我々も今までいろいろやってきましたけど、毎度ここぞというタイミングでこう、立法事実が湧いてくるんですよね。ちょうど日本法に足りないところを突いて、やらかしちゃう人が出てきて、やっぱりこの法律はこう解釈しないといけないとか、改正してちゃんと規定入れないといけないねってなるのを、何回も繰り返してきましたけども、今度はなんと、デジタル庁が立法事実となろうとしているという、これが一つの結論。それで、今後どう個人情報保護法を改正していく必要があるかっていう話を、後半でしたいと思います。
じゃ、もう一点は山本さんのほうからお願いします。
山本一郎氏の4つの結論
山本:高木先生の結論とややかぶるところがありますが、続けて4点まとめて、この教育データ関連議論の結論として提示させていただいております。

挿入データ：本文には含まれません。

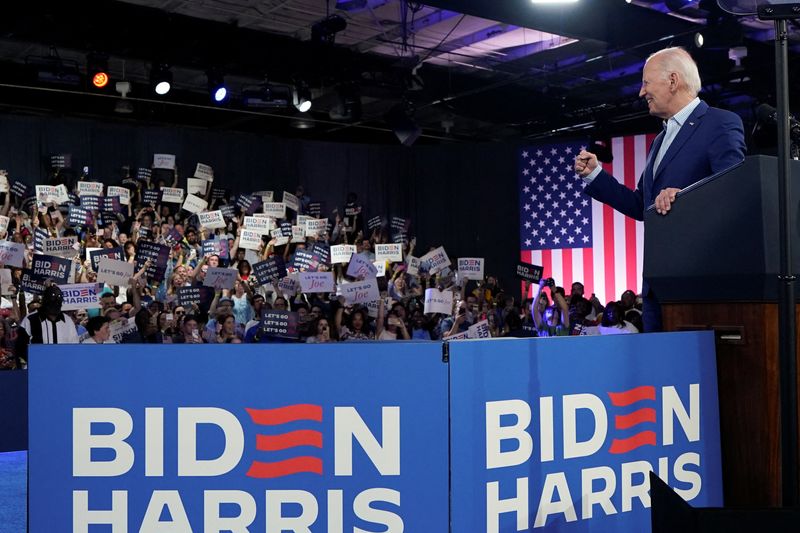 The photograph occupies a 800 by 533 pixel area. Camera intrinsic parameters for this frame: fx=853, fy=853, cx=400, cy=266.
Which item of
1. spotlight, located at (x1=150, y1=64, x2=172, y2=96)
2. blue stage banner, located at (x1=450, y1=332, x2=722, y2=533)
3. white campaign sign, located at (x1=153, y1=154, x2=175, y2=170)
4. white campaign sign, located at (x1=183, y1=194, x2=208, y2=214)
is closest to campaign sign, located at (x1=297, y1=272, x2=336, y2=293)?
spotlight, located at (x1=150, y1=64, x2=172, y2=96)

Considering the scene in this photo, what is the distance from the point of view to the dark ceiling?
407 inches

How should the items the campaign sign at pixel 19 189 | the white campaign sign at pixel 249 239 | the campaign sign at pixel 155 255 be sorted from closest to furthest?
the campaign sign at pixel 155 255, the white campaign sign at pixel 249 239, the campaign sign at pixel 19 189

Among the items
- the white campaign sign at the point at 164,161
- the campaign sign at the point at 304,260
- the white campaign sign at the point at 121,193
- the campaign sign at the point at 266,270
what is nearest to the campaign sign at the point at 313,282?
the campaign sign at the point at 266,270

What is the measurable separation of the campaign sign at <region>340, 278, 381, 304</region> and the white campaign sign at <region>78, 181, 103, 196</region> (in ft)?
16.9

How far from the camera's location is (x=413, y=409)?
6.03 ft

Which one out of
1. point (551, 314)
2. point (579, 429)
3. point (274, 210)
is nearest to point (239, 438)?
point (579, 429)

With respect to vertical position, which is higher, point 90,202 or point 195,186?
point 195,186

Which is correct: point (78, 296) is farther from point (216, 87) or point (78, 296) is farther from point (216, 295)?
point (216, 87)

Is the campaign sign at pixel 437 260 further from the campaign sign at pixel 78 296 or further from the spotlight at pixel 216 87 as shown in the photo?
the campaign sign at pixel 78 296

まず、「a.個人情報保護法は、もう一度、改正が必要なのではないか」について。
高木さんのおっしゃった通り、現行の教育データ利活用に関して、個人情報保護の観点からしますと、OECDガイドラインだけでなくGDPRも必要最小限度の情報取得の要請に関して、適切に担保できないのではないかという強い懸念を感じます。OECDガイドラインのいう利用目的に対する個人データ取得の適正性と、GDPRが求める最小限度のデータ範囲っていうところですね。このあたりも含めて考えると、日本の個人情報保護法上では適法でも、これらの国際的枠組みからは逸脱しているのは明白ですのでもう一度改正が必要になってしまうのではないかと。今回の令和3年改正での個人情報保護法を守っているだけでは、少なくともOECDガイドラインに関しては、抵触をする。国内法としては適法なんだけれども、国際的な情報法制の枠組みからするとやや遅れていてこれへのハーモナイズを求められていくであろうということが、この教育データ利活用の議論ではっきりしたのではないかなという風に思います。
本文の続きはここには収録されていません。